From the data that follows, print exactly the lines starting at the one containing "1912 Ascot Dr, Moraga, CA 94556 - Photo 5" and ending at the one containing "Trạm Y tế xã"; include both of them and nothing more.

* Entries shown *

********************

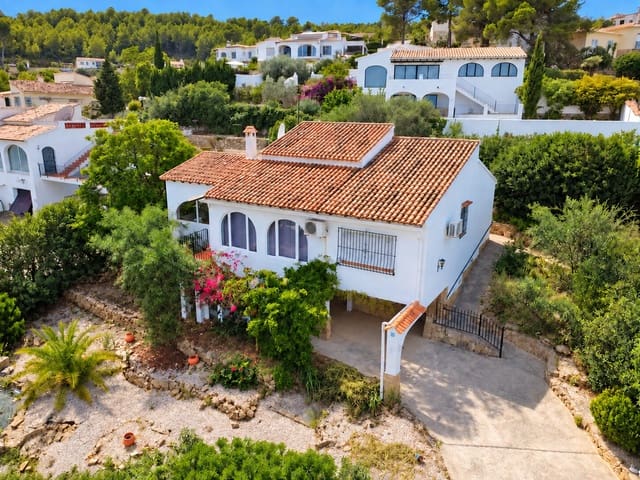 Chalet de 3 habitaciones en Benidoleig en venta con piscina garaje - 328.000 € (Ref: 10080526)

********************

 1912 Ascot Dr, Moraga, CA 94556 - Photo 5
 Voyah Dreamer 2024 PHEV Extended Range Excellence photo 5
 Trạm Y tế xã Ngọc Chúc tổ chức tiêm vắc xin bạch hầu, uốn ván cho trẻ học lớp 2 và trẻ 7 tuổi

********************

* Result of the task *
 1912 Ascot Dr, Moraga, CA 94556 - Photo 5
 Voyah Dreamer 2024 PHEV Extended Range Excellence photo 5
 Trạm Y tế xã Ngọc Chúc tổ chức tiêm vắc xin bạch hầu, uốn ván cho trẻ học lớp 2 và trẻ 7 tuổi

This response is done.